Only the lines below from the one with "BB010572 crop.jpg" through the one with "3030 Raywood Ash Drive" are to be written out, exactly and without any images.

Recorded information:
____
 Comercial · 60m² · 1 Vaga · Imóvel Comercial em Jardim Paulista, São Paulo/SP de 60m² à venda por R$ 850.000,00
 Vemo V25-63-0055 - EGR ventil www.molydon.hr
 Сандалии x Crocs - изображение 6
____
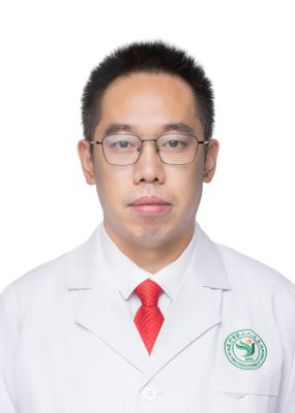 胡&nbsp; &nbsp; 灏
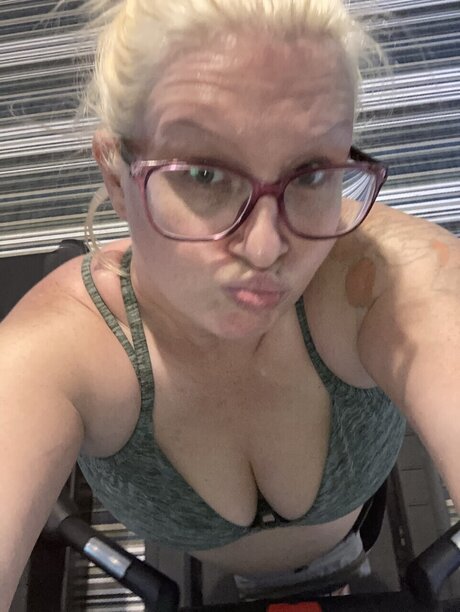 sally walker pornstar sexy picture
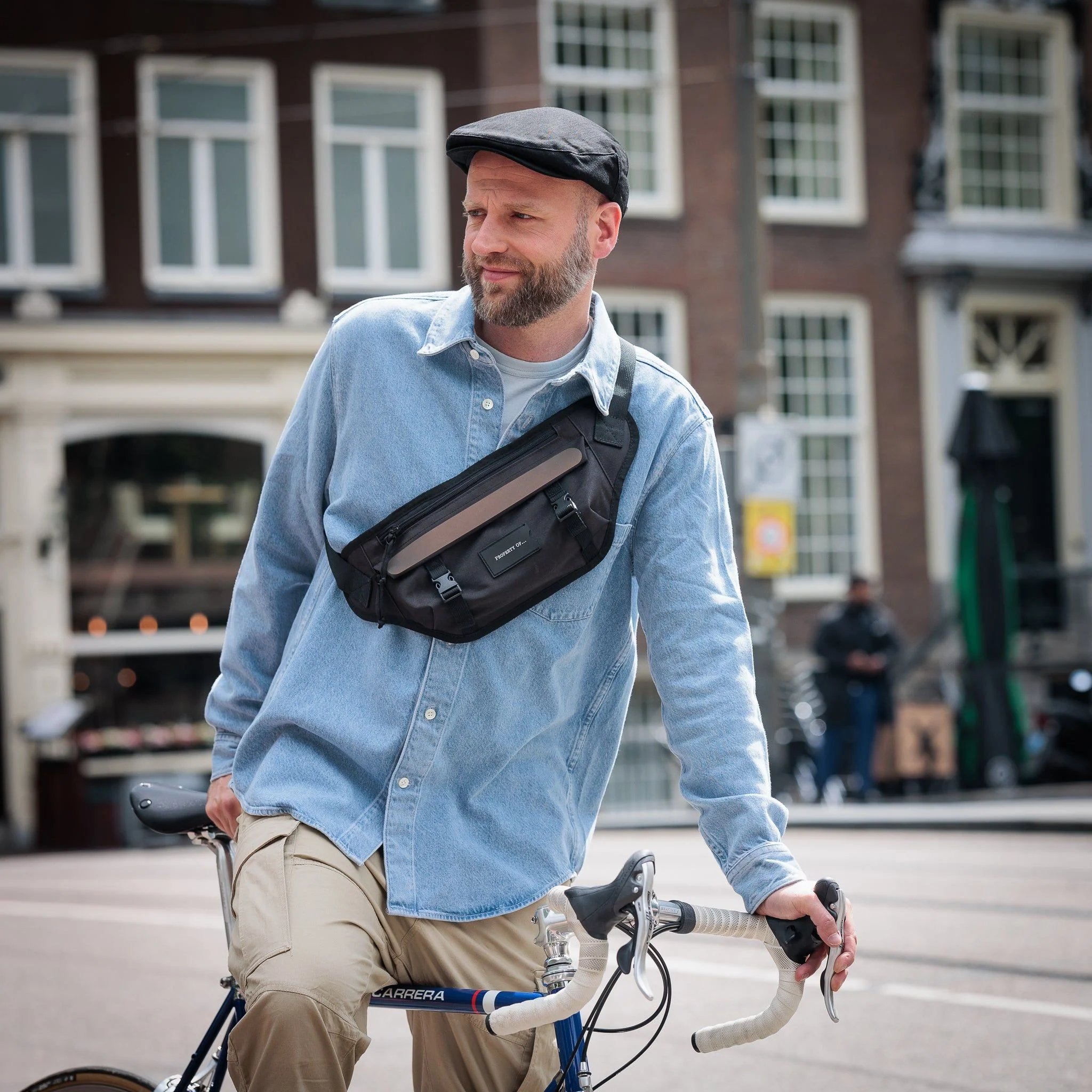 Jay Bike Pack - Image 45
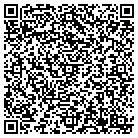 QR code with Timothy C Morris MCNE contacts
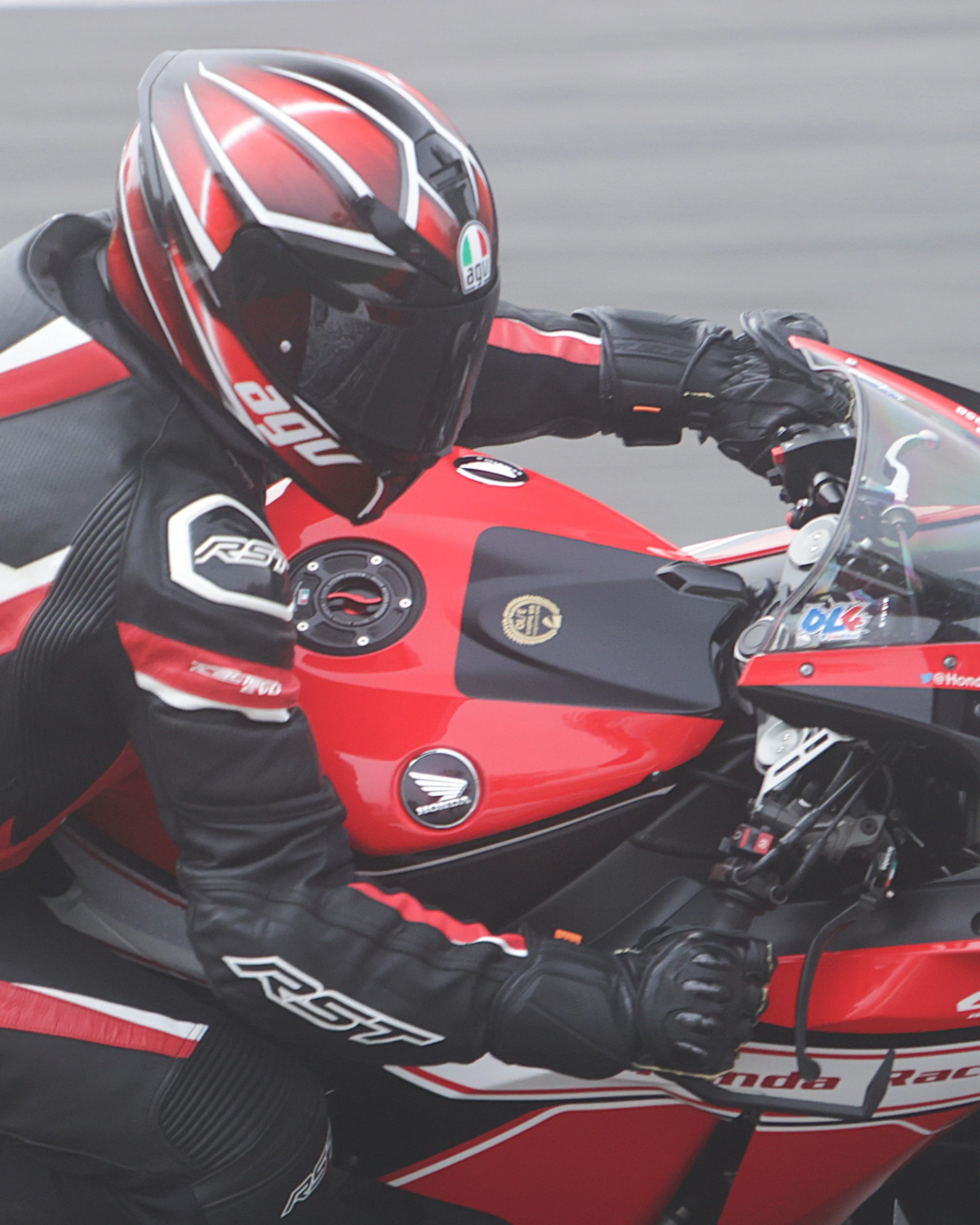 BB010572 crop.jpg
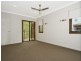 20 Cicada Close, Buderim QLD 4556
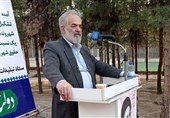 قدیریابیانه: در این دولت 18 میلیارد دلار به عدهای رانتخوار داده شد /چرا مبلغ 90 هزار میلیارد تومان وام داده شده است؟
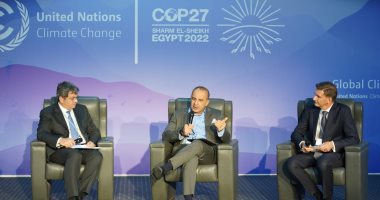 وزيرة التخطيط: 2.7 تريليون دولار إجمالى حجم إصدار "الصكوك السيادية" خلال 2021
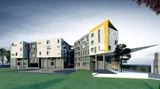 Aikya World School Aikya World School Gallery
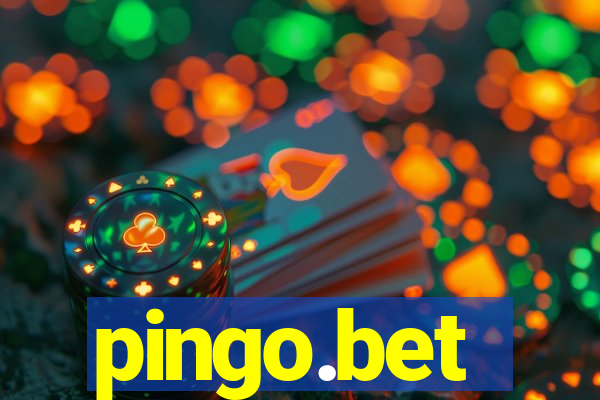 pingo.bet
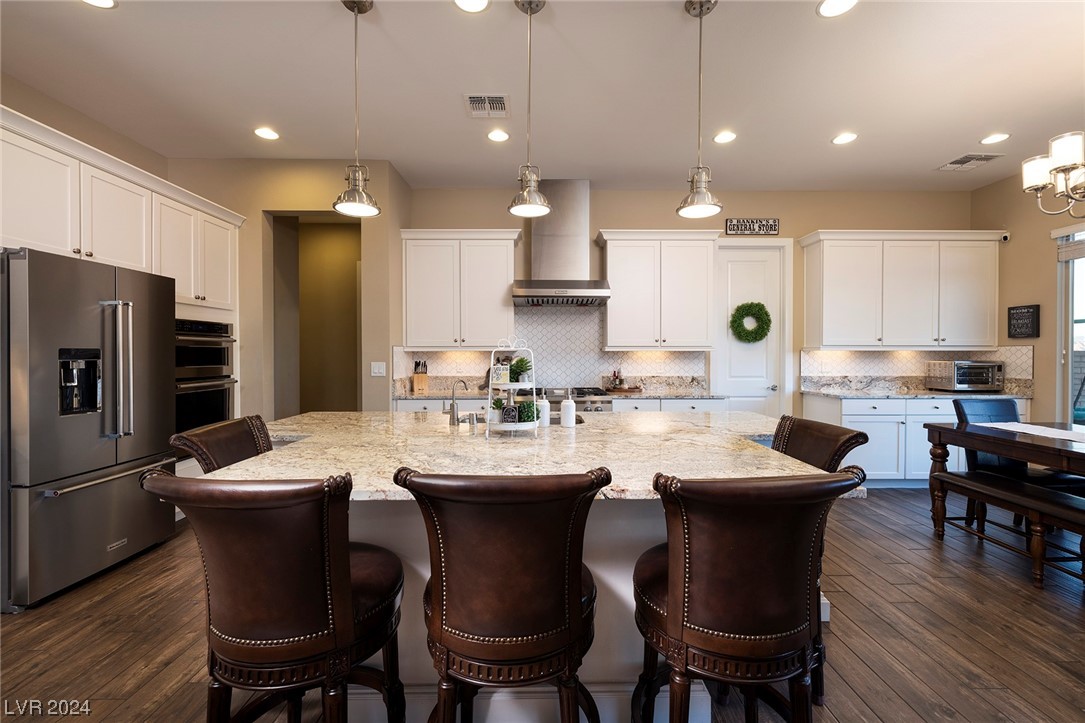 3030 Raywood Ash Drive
____
Answer:
 BB010572 crop.jpg
 20 Cicada Close, Buderim QLD 4556
 قدیریابیانه: در این دولت 18 میلیارد دلار به عدهای رانتخوار داده شد /چرا مبلغ 90 هزار میلیارد تومان وام داده شده است؟
 وزيرة التخطيط: 2.7 تريليون دولار إجمالى حجم إصدار "الصكوك السيادية" خلال 2021
 Aikya World School Aikya World School Gallery
 pingo.bet
 3030 Raywood Ash Drive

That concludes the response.